(Records drawn from a dataset)
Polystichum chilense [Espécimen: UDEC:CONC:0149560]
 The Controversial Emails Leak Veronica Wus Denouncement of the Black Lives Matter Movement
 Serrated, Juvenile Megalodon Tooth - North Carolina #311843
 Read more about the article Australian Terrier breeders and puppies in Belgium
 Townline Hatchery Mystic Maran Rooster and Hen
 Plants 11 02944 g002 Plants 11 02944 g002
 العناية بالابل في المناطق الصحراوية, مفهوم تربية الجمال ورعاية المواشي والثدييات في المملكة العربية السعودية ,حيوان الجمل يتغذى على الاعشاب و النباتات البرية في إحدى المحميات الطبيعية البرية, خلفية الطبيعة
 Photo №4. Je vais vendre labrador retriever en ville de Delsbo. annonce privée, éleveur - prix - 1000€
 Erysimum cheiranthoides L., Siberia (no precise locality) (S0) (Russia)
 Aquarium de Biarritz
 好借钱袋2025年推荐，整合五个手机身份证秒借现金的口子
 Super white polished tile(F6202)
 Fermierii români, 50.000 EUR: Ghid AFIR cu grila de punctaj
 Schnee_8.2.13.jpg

### EXERCISE DETAILS
Reproduce all of the data. Leave every line unchanged.

### YOUR SOLUTION
Polystichum chilense [Espécimen: UDEC:CONC:0149560]
 The Controversial Emails Leak Veronica Wus Denouncement of the Black Lives Matter Movement
 Serrated, Juvenile Megalodon Tooth - North Carolina #311843
 Read more about the article Australian Terrier breeders and puppies in Belgium
 Townline Hatchery Mystic Maran Rooster and Hen
 Plants 11 02944 g002 Plants 11 02944 g002
 العناية بالابل في المناطق الصحراوية, مفهوم تربية الجمال ورعاية المواشي والثدييات في المملكة العربية السعودية ,حيوان الجمل يتغذى على الاعشاب و النباتات البرية في إحدى المحميات الطبيعية البرية, خلفية الطبيعة
 Photo №4. Je vais vendre labrador retriever en ville de Delsbo. annonce privée, éleveur - prix - 1000€
 Erysimum cheiranthoides L., Siberia (no precise locality) (S0) (Russia)
 Aquarium de Biarritz
 好借钱袋2025年推荐，整合五个手机身份证秒借现金的口子
 Super white polished tile(F6202)
 Fermierii români, 50.000 EUR: Ghid AFIR cu grila de punctaj
 Schnee_8.2.13.jpg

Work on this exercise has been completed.